Je me souviens de cette journée de 1962 où Bangaly Camara, alors ministre de la culture et de l’information était venu au stade de N’Zérékoré (ville où j’étais collégien) parler du plan triennal que venait de lancer le gouvernement sous l’égide de l’économiste français, Charles Bettelheim. Un homme charmant, ce ministre, doublé d’un excellent orateur. Son discours avait fait jaillir une pluie d’étincelles dans ma petite tête de gamin. En plus, il avait eu la géniale idée de venir avec la grosse vedette de l’époque : Harry Belafonte. Celui-ci, juste après le discours, avait bondi de la tribune, jeté sa veste, pour danser avec la troupe folklorique qui animait la cérémonie.
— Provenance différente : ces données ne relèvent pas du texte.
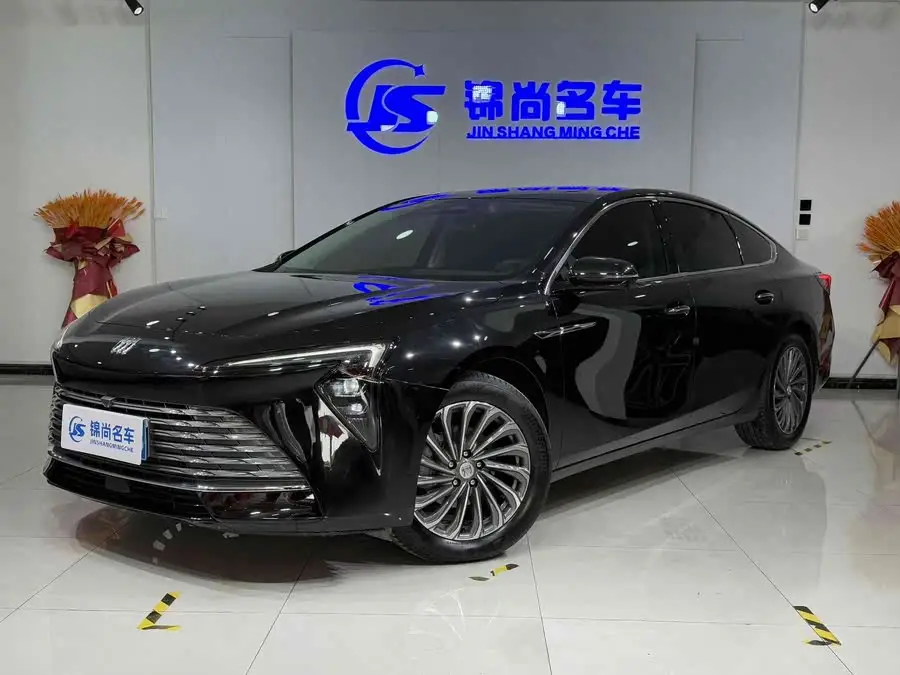 بيك لاقروس 2023 28T بريميوم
Un régal !
C’est cette image qui me revient d’abord en tête quand je pense à ces années-là. L’indépendance était encore, une fête. Le cauchemar est arrivé peu de temps après. Le plan triennal avait bien apporté les usines promises : la Grande Bretagne avait offert une filaterie mais sans le coton qui va avec, l’Allemagne Fédérale, une usine de chaussures sans le cuir, la Chine Populaire, une fabrique de tabacs et allumettes sans le tabac et l’Union Soviétique, une industrie alimentaire censée fournir au pays du corned-beef.
Certes, le tabac et le coton poussent en Guinée ; certes, on y élève des bœufs mais pour les besoins de la consommation familiale. Personne n’a soufflé au gouvernement guinéen qu’il fallait d’abord assurer le ravitaillement avant d’implanter les usines. Il fallut donc importer du coton égyptien pour nourrir la filaterie anglaise, du cuir éthiopien pour l’usine allemande, du tabac chinois pour l’usine du même nom etc. On imposa des quotas aux éleveurs en ce qui concerne la conserverie (tel nombre de têtes de bœufs par village et par an) et bien sûr, une bonne partie du cheptel national se retrouva de l’autre côté des frontières. Mais en plus du ravitaillement, le don des camarades soviétiques, posait aussi un sérieux problème d’écoulement. Pour les Guinéens, musulmans à plus de 90%, une boîte en fer-blanc ne peut renfermer que du cochon. Une solution fut vite trouvée (le génie de nos dirigeants, c’est de savoir parer à toute éventualité) : comme les toutes premières pénuries commençaient à se faire sentir, le consommateur devait acheter un certain nombre de boîtes de corn- beef pour avoir le droit d’acheter du tissu ou du savon. Sans doute, la meilleure manière d’appliquer la loi de l’offre et de la demande !
Il n’y avait là rien d’anormal, à l’époque, on ne parlait pas d’éléphants blancs et cet importun de René Dumont n’avait pas encore sorti son fameux brûlot, L’Afrique noire est mal partie. Le mot industrie était alors, sur toutes les lèvres, on mesurait le niveau du développement au nombre de cheminées d’usine, avec ou sans fumée, peu importait.
Le ministre Bangaly Camara n’eut pas l’occasion de commenter le plan septennal qui succéda au plan triennal. Il fut arrêté et exécuté deux ans après sa prestation de N’Zérékoré.